NOT UNDER LAW, UNDER GRACE

Romans 6:12-14

 

   Our first real exhortation in Romans is "Let not sin therefore reign in your mortal body, that you should obey it in the lusts thereof. Neither yield ye your members as instruments of unrighteousness unto sin: but yield yourselves unto God, as those that are alive from the dead., and your members as instruments of righteousness unto God. For sin shall not have dominion over you: for you are not under law, but under grace" (6:12-14). The features are: a negative exhortation: "Let not... Yield not...," a positive exhortation: "Yield yourselves... Yield your members..." and the assurance: "not under law, but under grace." The reign of sin and death is over so far as we are concerned. Why is this so? The true and only reason is that SIN & "DEATH have no more dominion over Him" (6:9). He died for sin and to sin. Death reigns only through sin, and "the sting of death is SIN" (1 Cor. 15:56). But in Christ, all that has passed. We are on resurrection ground, and can no longer be bondslaves to sin any more than Israel could be bondslaves to Pharaoh after crossing the Red Sea ! At that sea, Pharaoh died, his dominion ended. Israel were "baptized unto Moses in the cloud and in the sea," and were finally free to serve the Lord.

God said, "Let My son go that he may serve Me?" (Ex. 4:23) In this command lies the essential teaching of Romans    6:12-14. Their service as bondslaves yields to service as sons, law gives place to grace, Egypt yields to the wilderness, and brick-making for an idolatrous king gives place to building a tabernacle for the King of kings!

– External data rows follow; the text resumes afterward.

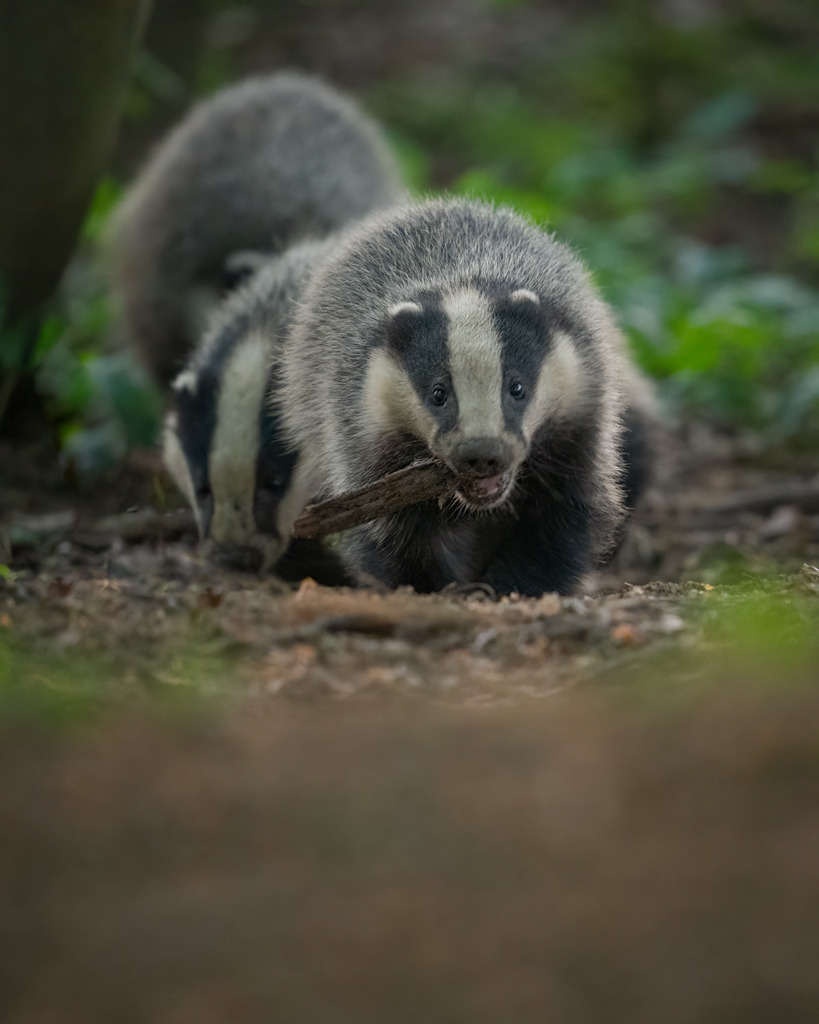 DSC_9357-Bearbeitet-2 | Ich bin Fotograf aus Neuburg an der Donau und spezialisiere mich auf Wildlife-Fotografie, Landschaftsaufnahmen und Portraits.Ob Hochzeit, Familienbilder oder Naturaufnahmen – ich fange echte Momente ein, die bleiben. 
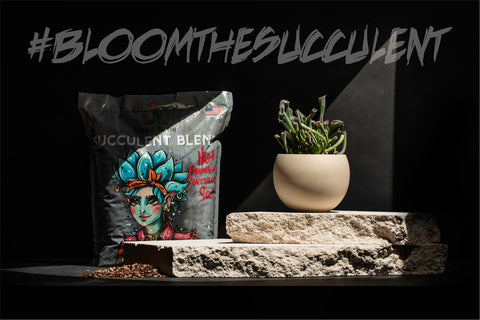 Spike & Bloom coffee compost succulent soil highlights nutrient-rich blend benefiting plant vitality.
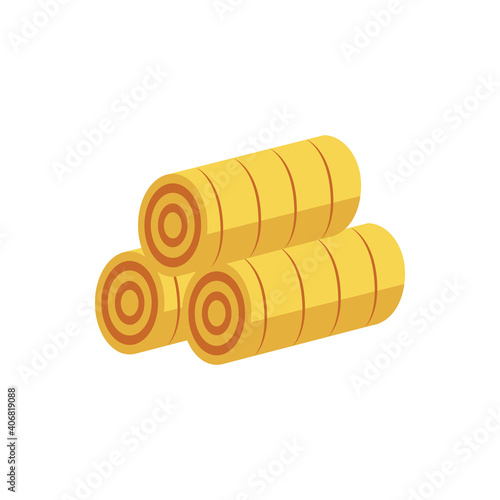 Rolls of hay, stacked of round bales with yellow straw on agriculture farm.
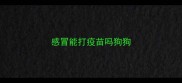 感冒能打疫苗吗狗狗
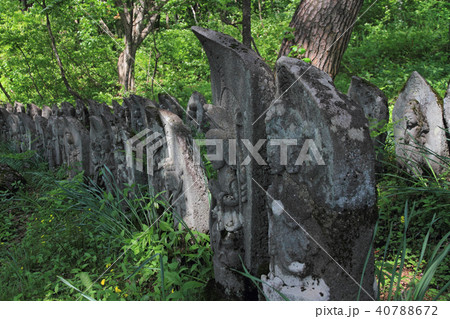 前山百体観音 小谷村 前山百体観音 小谷村 40788672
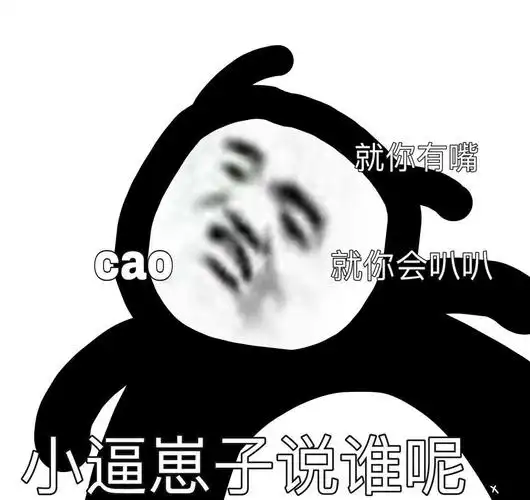 就你有嘴就你会叭叭小逼崽子说谁呢一组沙雕斗图表情包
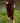 PANTALON ODETTE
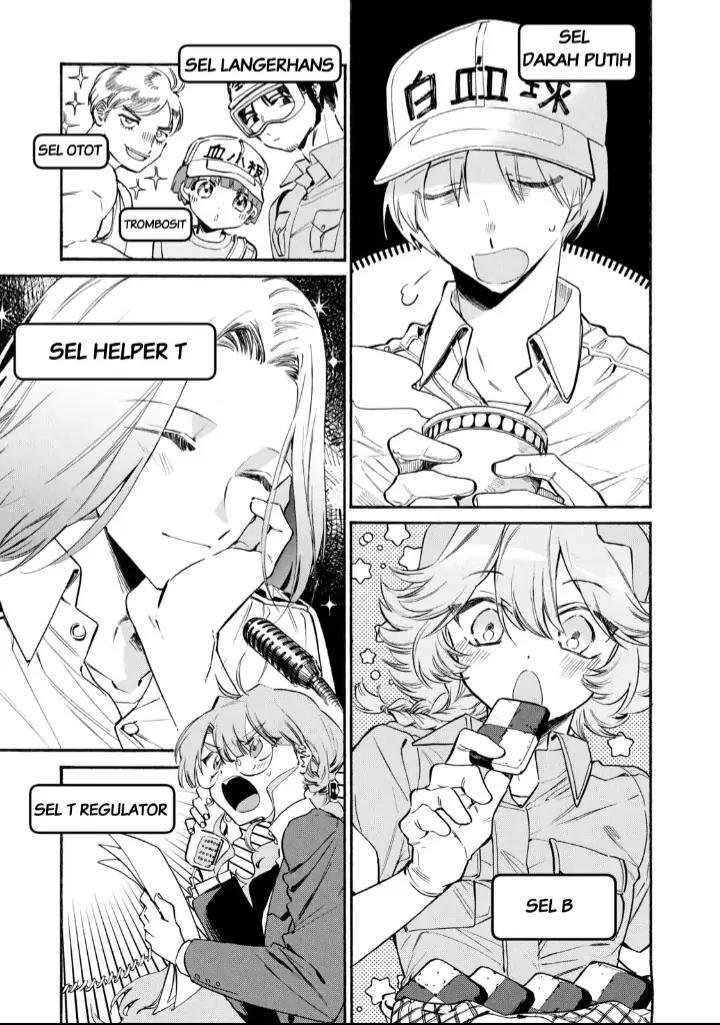 Hataraku Saibou LADY chapter 6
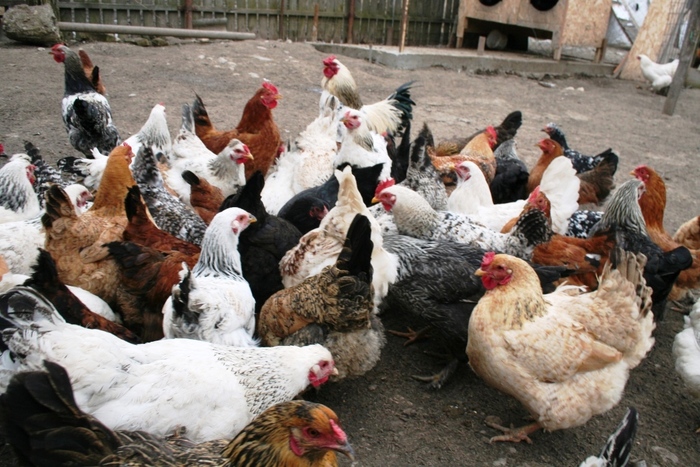 400.000 de păsări, vaccinate împotriva pseudopestei aviare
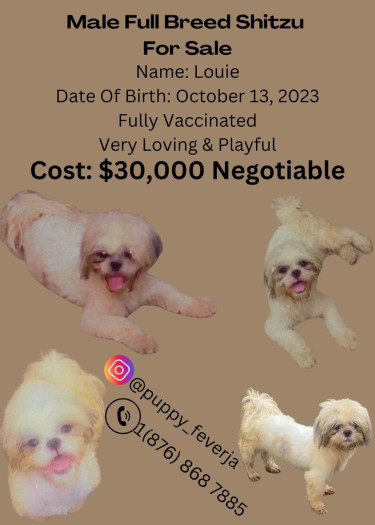 Small Breed Dogs For Sale 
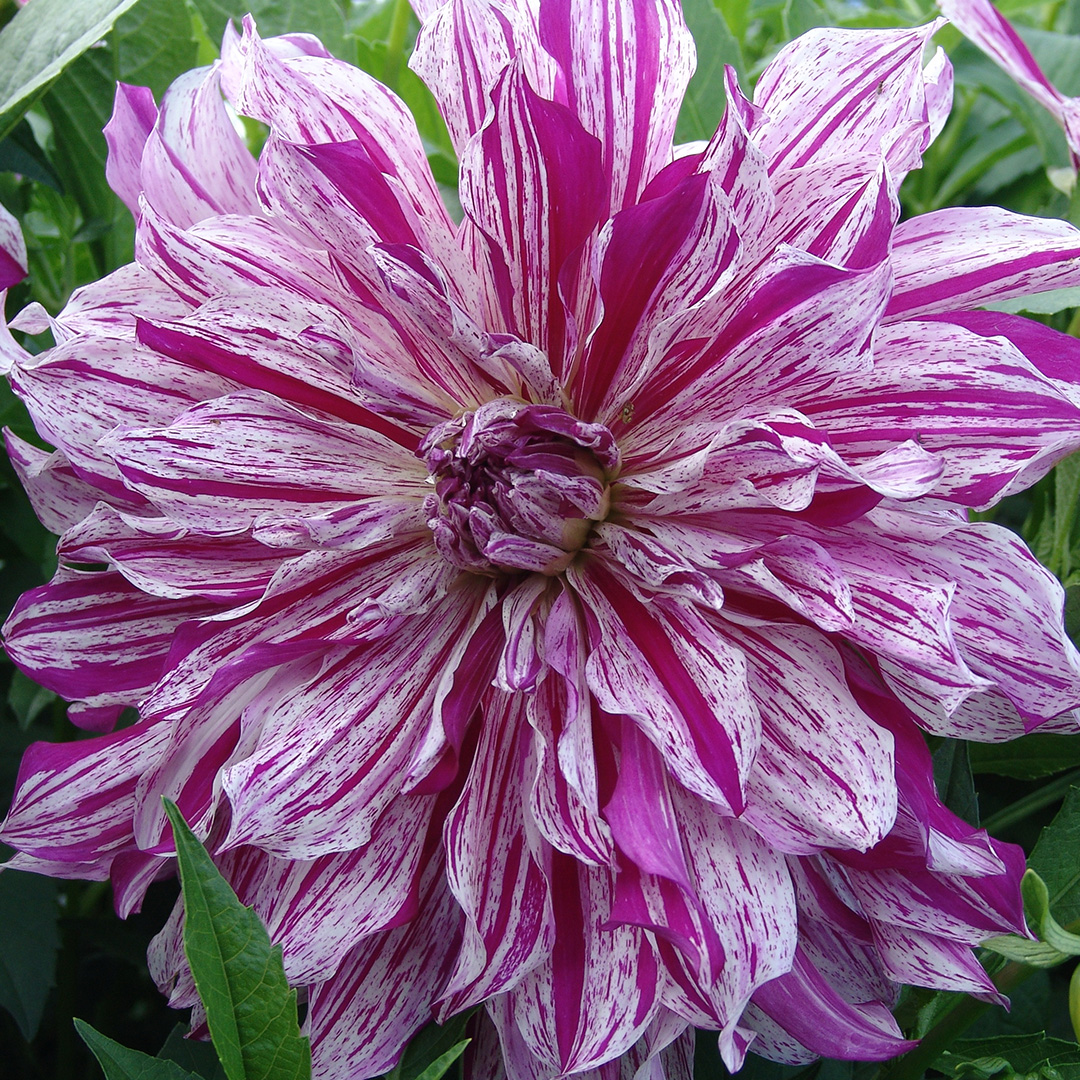 Dahlia Mom's Special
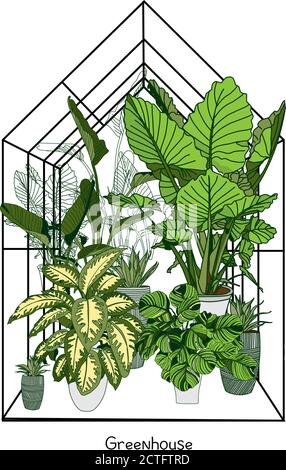 Gewächshaus Illustration auf weißem Hintergrund. Blumenhaus. Wintergarten. Gartenbau und LKW-Landwirtschaft Konzept. Exotische Zimmerpflanze... Stock Vektor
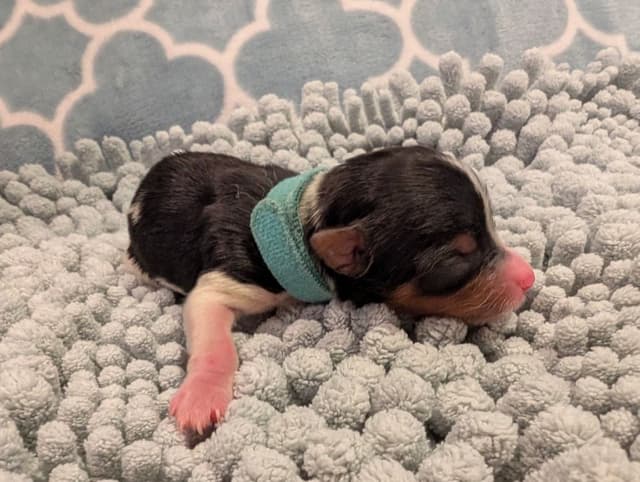 Biewer Terrier Puppies media 17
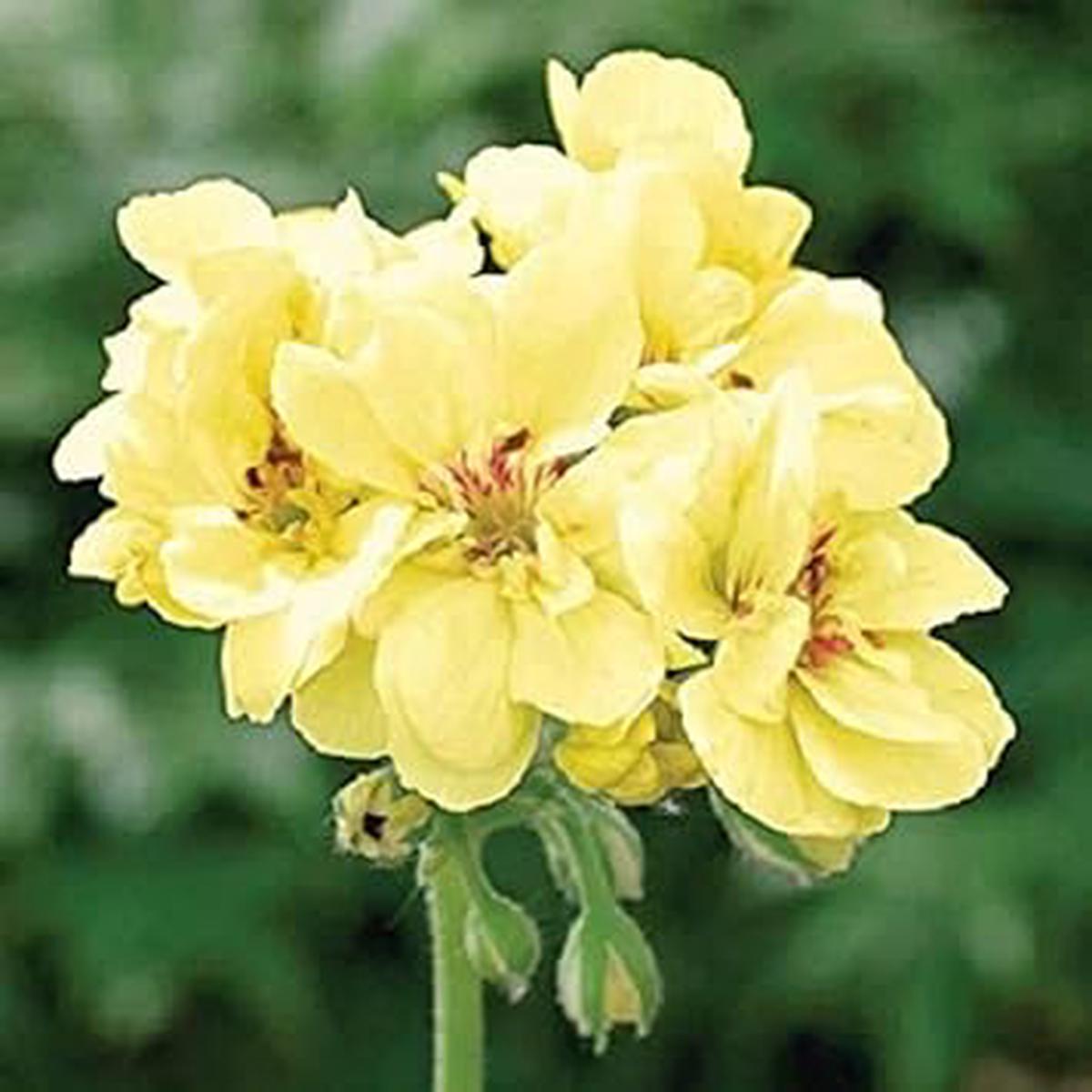 Light Yellow Geraniums Flower seeds for Planting – Compact Growth, Heirloom & GMO Free Seeds for Home Garden
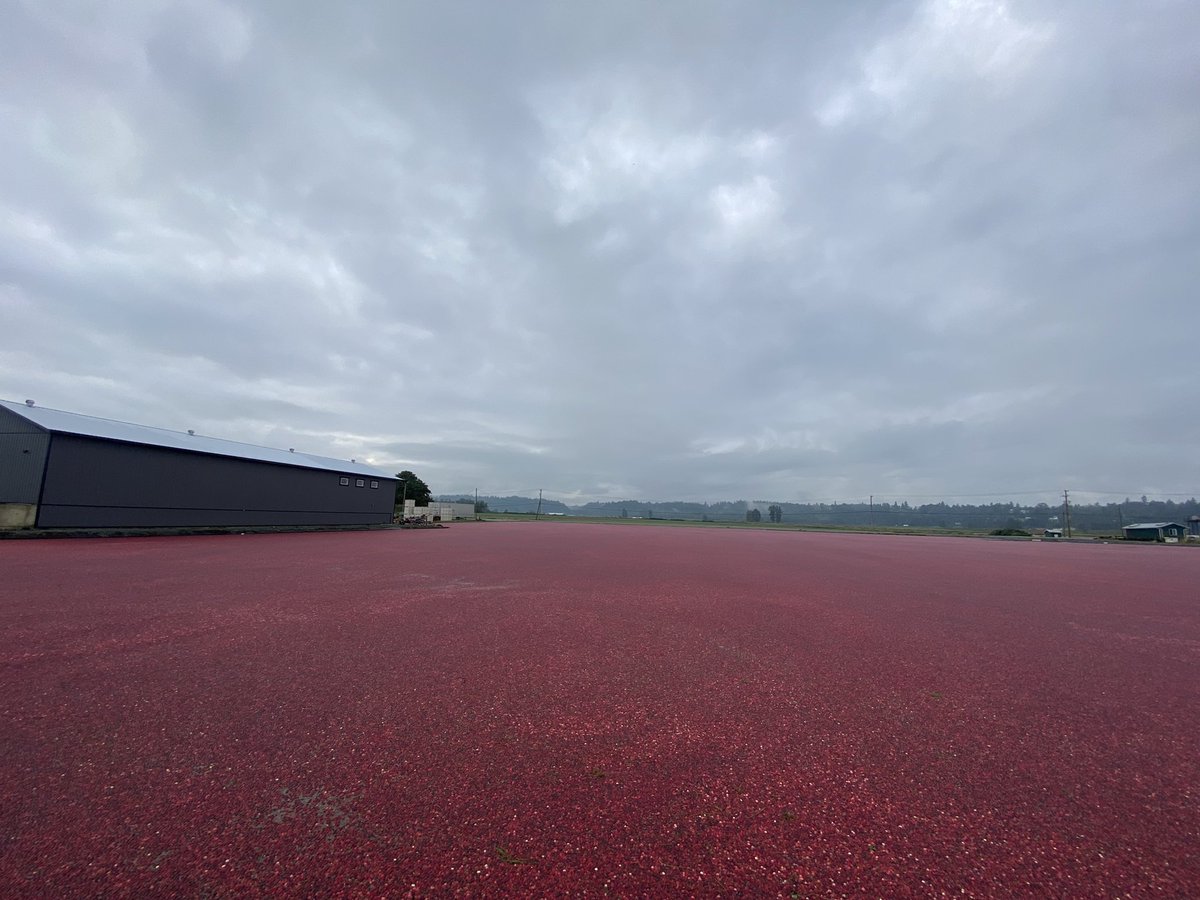 Something fun I got to report on today: Have you ever seen soo many cranberries🤩 If you’re looking for a fall funtivity, visit The Bog cranberry farm in Fort Langley to jump in with the berries. <a href="/AldergroveStar/">Aldergrove Star</a>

   But we are warned against "the mortal body" and its "lusts." The body is mortal because of sin, and we possess just such a body because Adam sinned and was expelled from Eden . This body is the medium of deceitful and corrupting lusts of the "old man" (Eph. 4:23). But when we "put on the new man," we "walk in love" as "children of light" There Paul wrote about our newly yielded hands and mouth re-presenting our words and deeds which sum up most of our activities. In Ephesians as in Romans the focus is on service. We now walk in "newness of life" and serve in "newness of spirit." Our wonderful freedom and deliverance may be explained "not under law, under grace"!